Saturday marked the second time that the diaspora had the opportunity to take part in the democratic process in their countries of residence. Notably, due to the time difference, the first Greeks to cast their votes were in Sydney and Melbourne, the only two polling centers in Australia.
A total of 25,610 Greeks registered in the special electoral rolls abroad exercised their right to vote in 35 countries worldwide. To accommodate the voters, polling stations were established in 85 cities, including embassies, consulates, Greek Orthodox Church premises, and Greek community buildings. These stations remained open from 7am to 7pm local time.

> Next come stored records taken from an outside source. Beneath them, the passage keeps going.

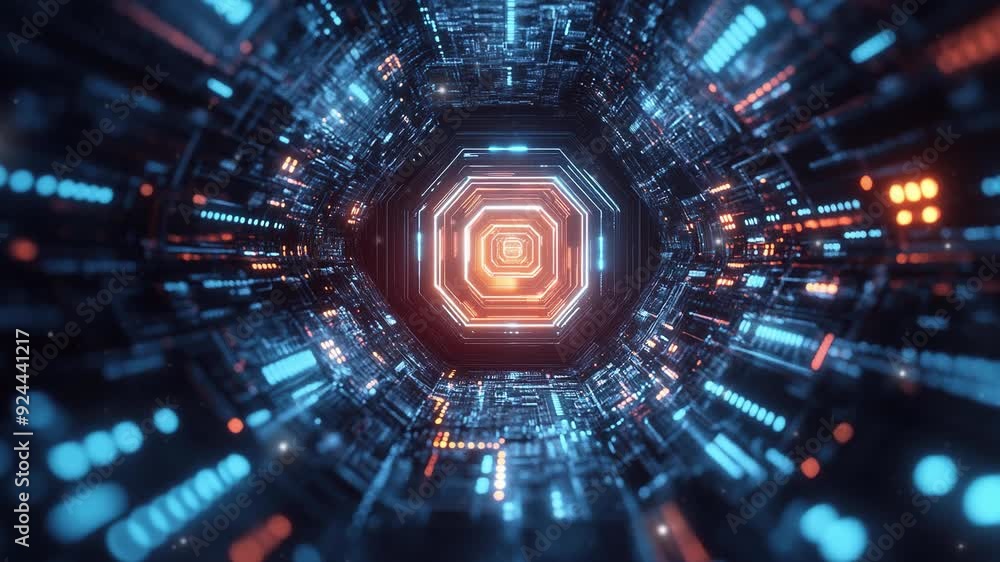 Poster abstract futuristic background with digital technology elements and circles. digital network connect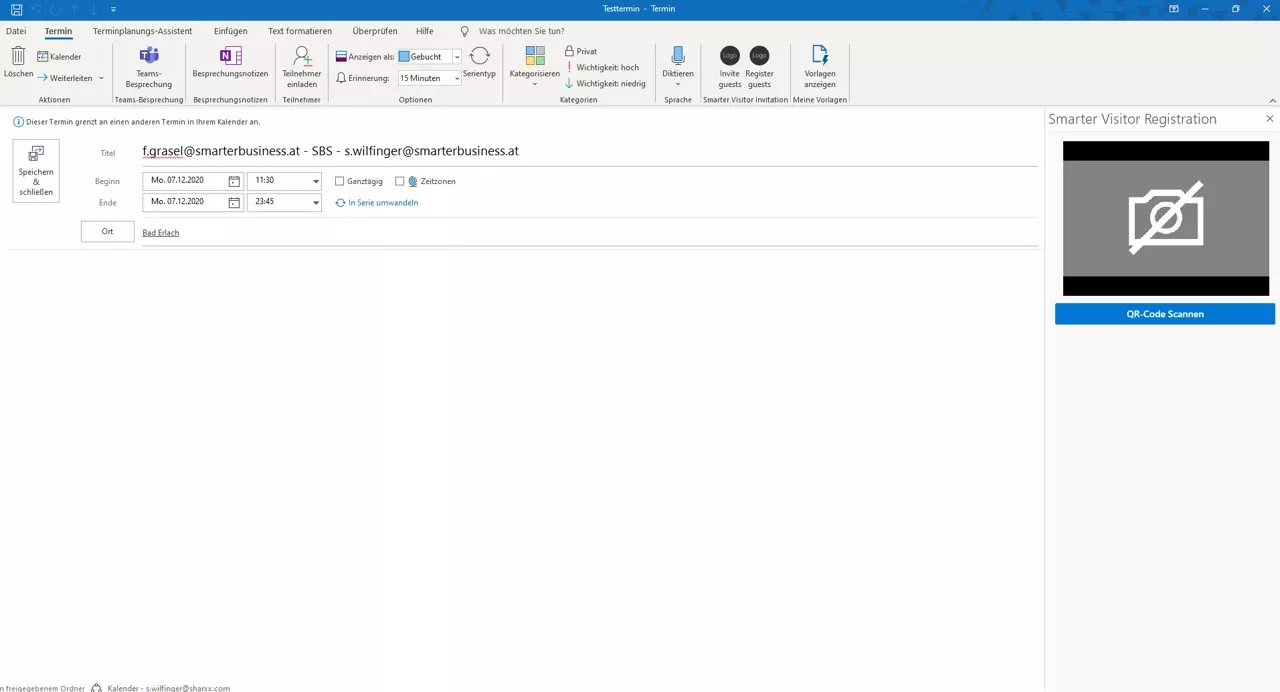 Visitor registration: Register guests — scan QR code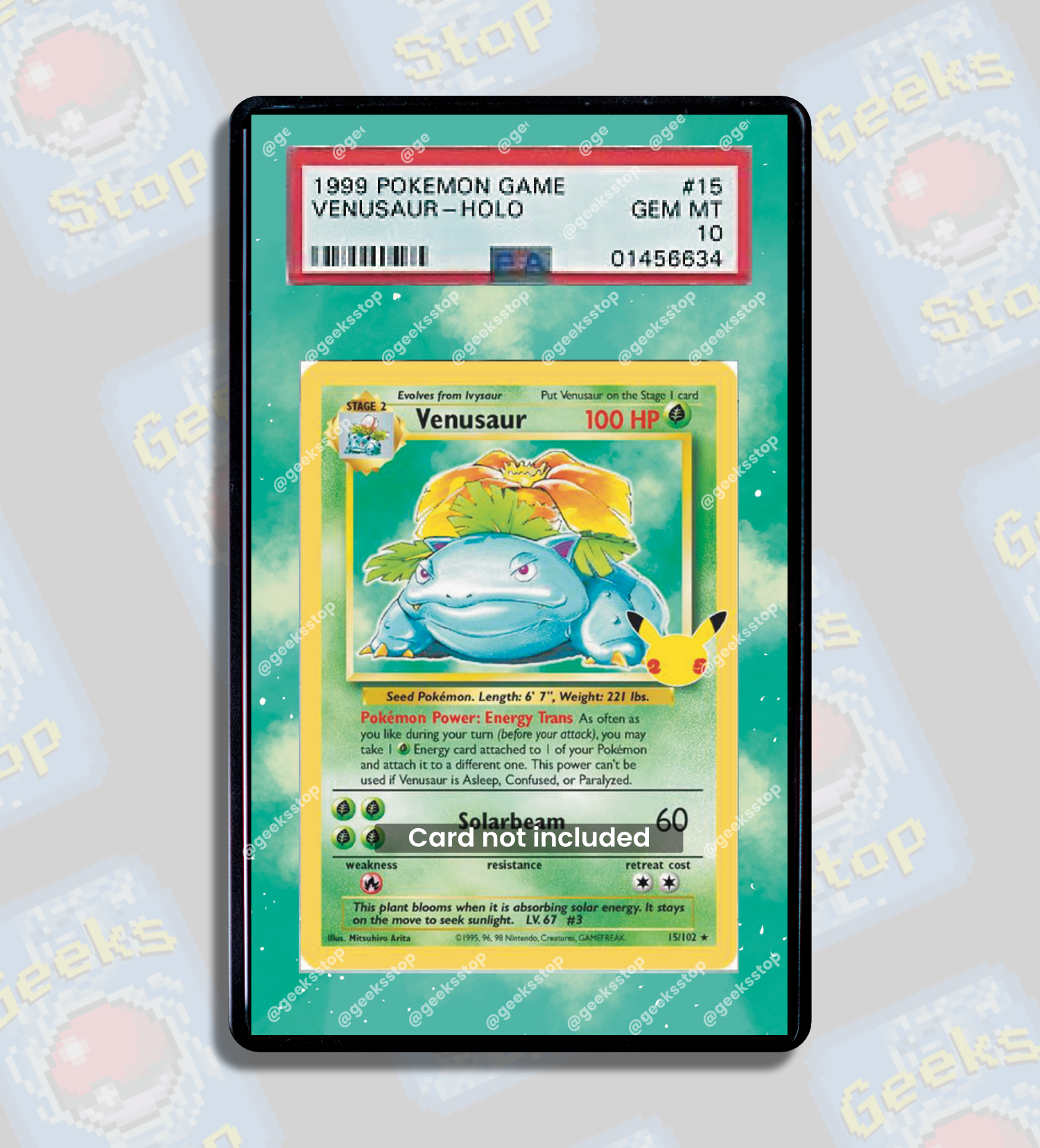 Venusaur 1st Edition Base Set PSA CGC Beckett | Extended Art Display C GeeksStop Venusaur 1st Edition Base Set PSA CGC Beckett | Extended Art Display C GeeksStop
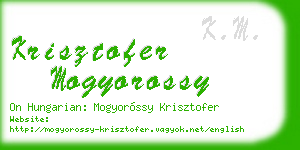 krisztofer mogyorossy business card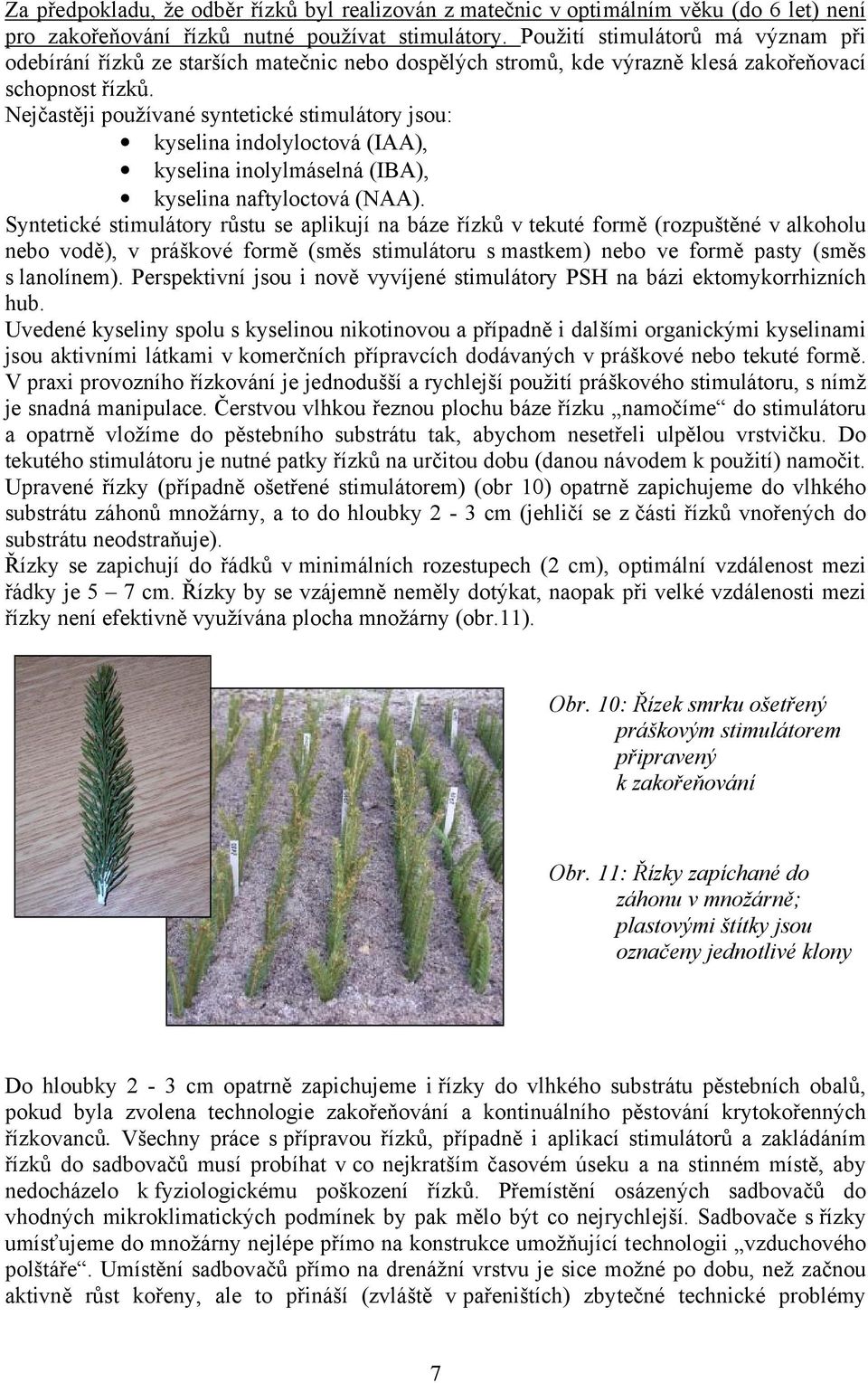 Nejčastěji používané syntetické stimulátory jsou: kyselina indolyloctová (IAA), kyselina inolylmáselná (IBA), kyselina naftyloctová (NAA).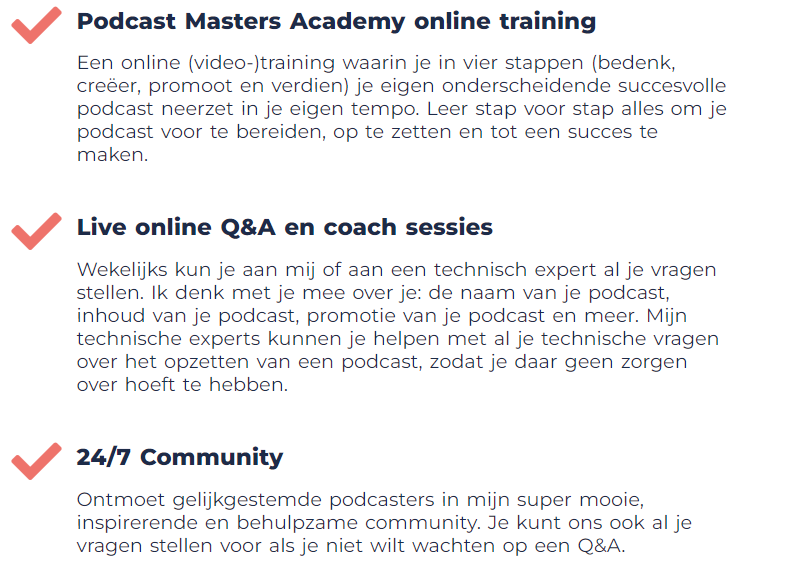 Wat je krijgt als je de Podcast Masters Academy gaat volgen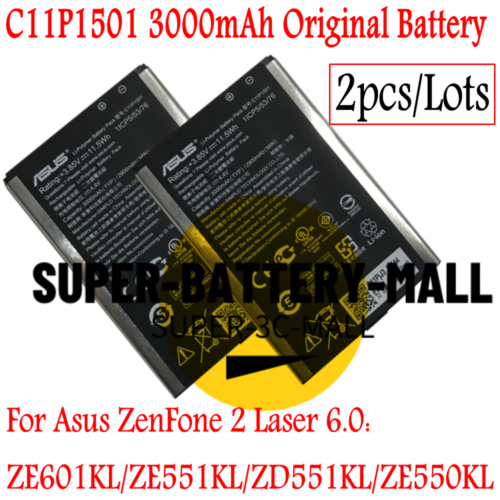 2pz Batteria per ASUS Zenfone 2 Laser ZE601KL ZE550KL ZD551KL C11P1501 3000mAh - Foto 1 di 4
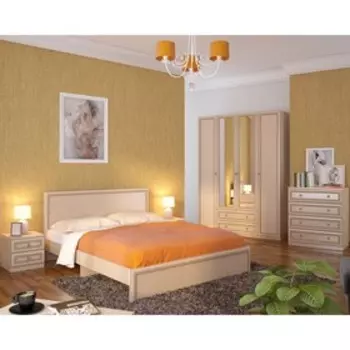 Шкаф четырехстворчатый №3 Беатрис Дуб млечный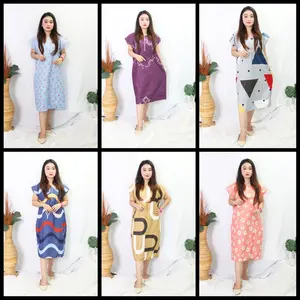 OKHI - Bigsize Daster Pendek Jumbo Resleting Depan Busui Friendly Fit Tidur  Bumil  Wanita  Dress  Panjang  Katun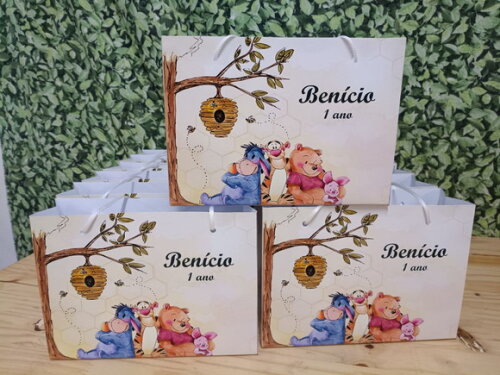 Urso Pooh Sacola Personalizada Horizontal Pronta Entrega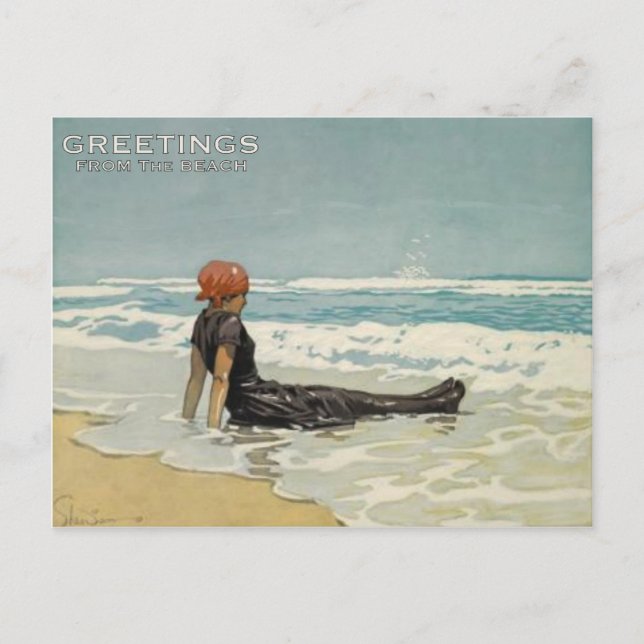 Vintage Summer Postcard From The Beach [Text 2] (Front)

The decision to establish polling stations was based on a threshold of at least 40 registered voters in a particular location. As expected, the largest concentrations of Greek voters were found in European cities. London had the highest number of registered voters with 4,414, followed by Brussels with 1,716, Amsterdam with 1,055, and Bern with 1,008. Other cities with significant Greek populations included Nicosia, Paris, Berlin, Munich, The Hague, and Luxembourg.
The voting process for Greeks abroad differed slightly from those within Greece. After the polling stations closed, officials at the overseas locations simply tallied the number of votes without opening the envelopes. Subsequently, the sealed ballots were sent to Athens, where the final counting would take place after the conclusion of voting in Greece.
The participation of Greeks living abroad in the national elections demonstrates the commitment of the diaspora to remain engaged with their homeland. The ability to cast their votes in various countries reflects the importance of inclusivity and ensuring that the voices of all Greeks are heard, regardless of their geographical location.